* _What the task requires_:
Print nothing but the lines below starting at the line that holds "Fuward Hotel Tainan" and ending at the line that holds "Alyssia Traditional Bordered", including both, each exactly as written.

* _Entries supplied_:
·····

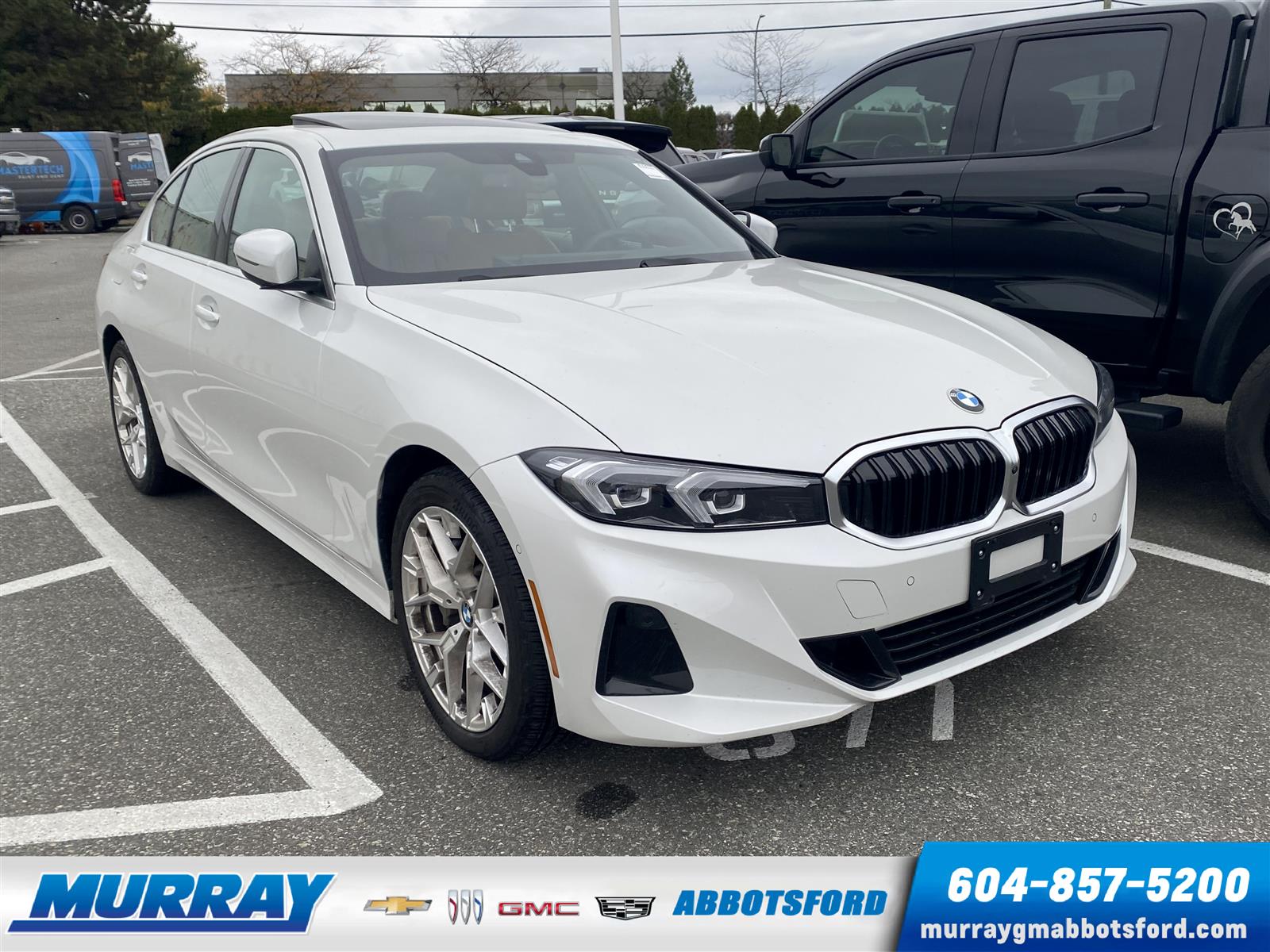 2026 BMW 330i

·····

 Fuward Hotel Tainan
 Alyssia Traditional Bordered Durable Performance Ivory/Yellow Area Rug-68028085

·····

* _Task answer_:
 Fuward Hotel Tainan
 Alyssia Traditional Bordered Durable Performance Ivory/Yellow Area Rug-68028085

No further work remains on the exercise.